# What to do
Copy out the entire listing precisely.

# Input data
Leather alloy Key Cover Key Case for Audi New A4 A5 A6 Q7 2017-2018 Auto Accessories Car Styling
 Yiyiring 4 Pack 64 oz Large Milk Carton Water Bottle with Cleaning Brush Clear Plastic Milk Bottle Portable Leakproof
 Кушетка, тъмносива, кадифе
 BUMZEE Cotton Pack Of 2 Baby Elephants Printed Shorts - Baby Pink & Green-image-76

# Answer to the problem
Leather alloy Key Cover Key Case for Audi New A4 A5 A6 Q7 2017-2018 Auto Accessories Car Styling
 Yiyiring 4 Pack 64 oz Large Milk Carton Water Bottle with Cleaning Brush Clear Plastic Milk Bottle Portable Leakproof
 Кушетка, тъмносива, кадифе
 BUMZEE Cotton Pack Of 2 Baby Elephants Printed Shorts - Baby Pink & Green-image-76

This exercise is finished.